The next morning, we woke up early, got dressed and headed down for breakfast. Indian breakfasts, to me, are sometimes difficult to differentiate from other meals. Its usually still curries and rotis. A bit too heavy for me, but that’s just a personal thing, and that’s quite the typical type of breakfast in India. Anyway, all those calories would come in handy for the shopping and walking we were about to do:) Our first stop was the very highest point of Shimla. Here you will find the most glorious views, churches, a cafe higher up in the mountains and of course the Jakhu Temple, which attracts thousands of visitors. The temple is located in the Jakhu Hills. You can walk from Mall Road all the way up to the temple (about 5km), or take the taxis that operate all day. The taxi option is definitely a better option if you are travelling with older people, or the roads are too slippery to walk. Unfortunately the roads were quite bad at the time of our visit so we didn’t get to visit the temple this time but I would definitely recommend if you are going to Shimla/India, that this is on your list.

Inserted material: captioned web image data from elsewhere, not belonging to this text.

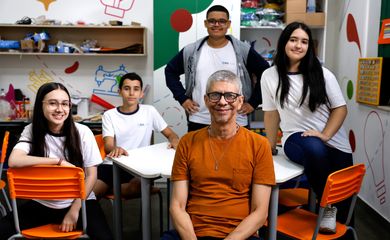 Rio de Janeiro (RJ), 16/09/2024 - Os estudantes Jéssica Maysa Sousa, Pedro Araújo, Isaac Filipe e Marcelle Muniz e o professor Antonio Miranda, da Escola Municipal Nilo Peçanha, em São Cristóvão, zona norte da cidade. Foto: Tânia Rêgo/Agência Brasil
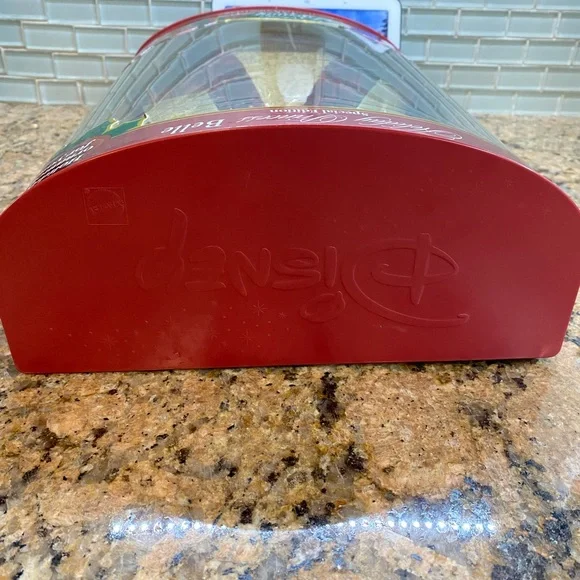 1997 Holiday Princess Belle Barbie - Picture 3 of 4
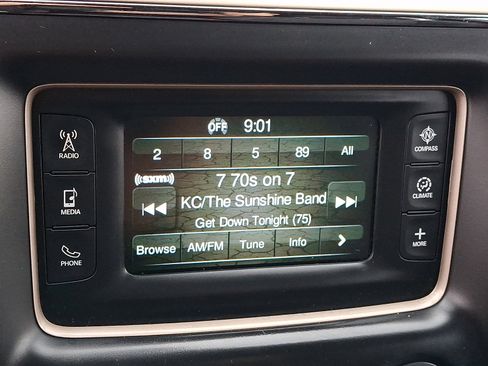 Used 2016 Jeep Grand Cherokee Laredo w/ Quick Order Package 23E AWD/4WD image 18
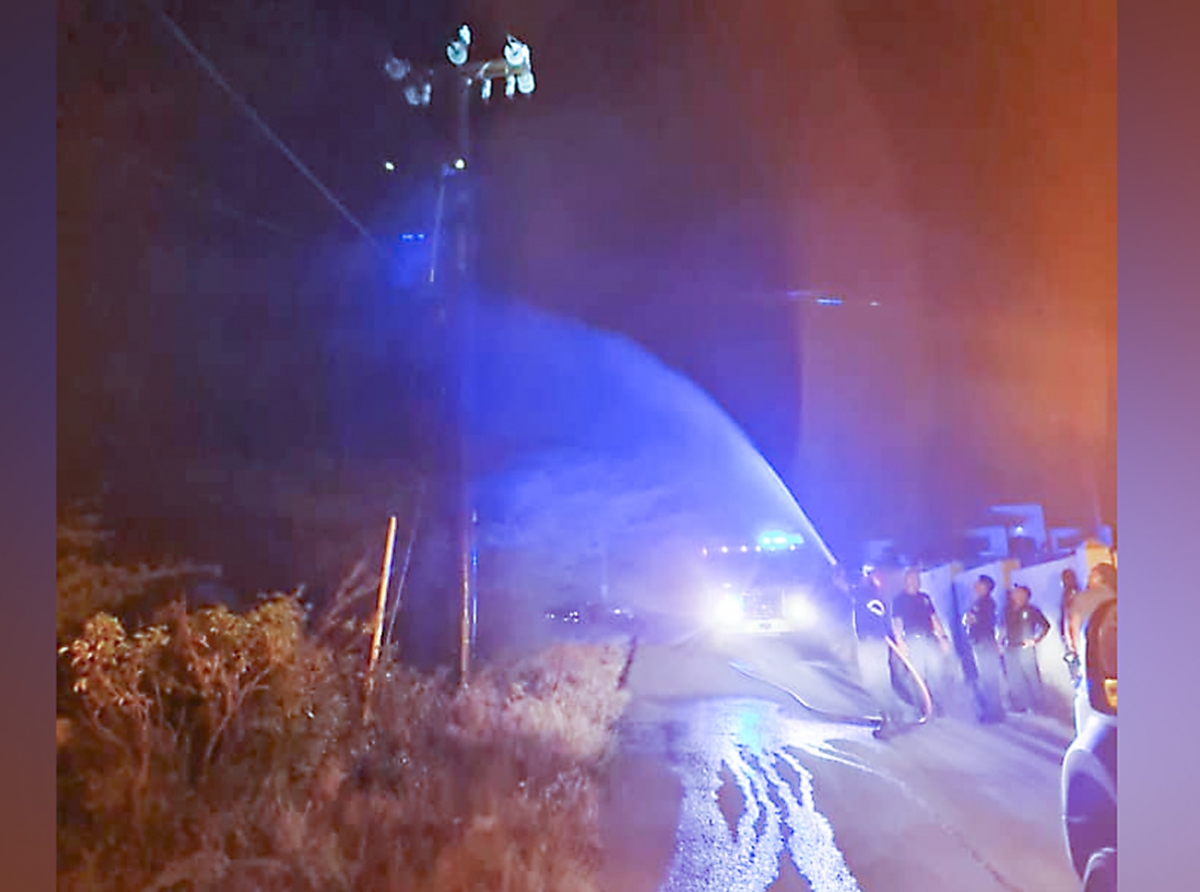 Palo di Luz na candela a laga varios bario casi 3 ora sin coriente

We then played dress up and had a little photoshoot (trust me to go somewhere where I’m forced to take more pictures of myself right? hahaha). Right at the top, at the highest point in Shimla, you will find photographers who dress you up in traditional gear and take great pictures that you have the option to then choose your favourite shots and purchase them. Its something quite fun and light hearted and worth doing once.
After all the sightseeing, walking and tons of posing and pictures, we finally made our way back down the mountain to the famous Mall Road…the shopping Mecca of Shimla. I must admit, when I first heard about Mall Road, I wasn’t all that bothered. I thought “just another shopping district”. But there is an energy about the place and the people here that just draws you in. I LOVED Mall Road. This is a place of great finds at even better prices. The quality and prices really did surprise me (in the best way) and the only and best tip that I can give you is …BARGAIN BARGAIN BARGAIN. Like most places in India, prices are up for negotiation and vendors are more often than not, willing to offer discounts. Mum and Massi are brilliant negotiators and get the best prices on everything we shop for. If there’s one thing that iv learned from them, and would pass on to you, is that negotiating is a part of the dance in India. Everybody does it and so everybody expects it as well. I am probably the worst bargain shopper you can find. Truth is I’d happily pay full price for something if it saves me time, energy and effort, however, what a feeling of achievement when you do manage to get a bit off the normal price:-p We walked around, from one end of Mall Road to the other, shopping for the best bargains and trust me..we found ALOT!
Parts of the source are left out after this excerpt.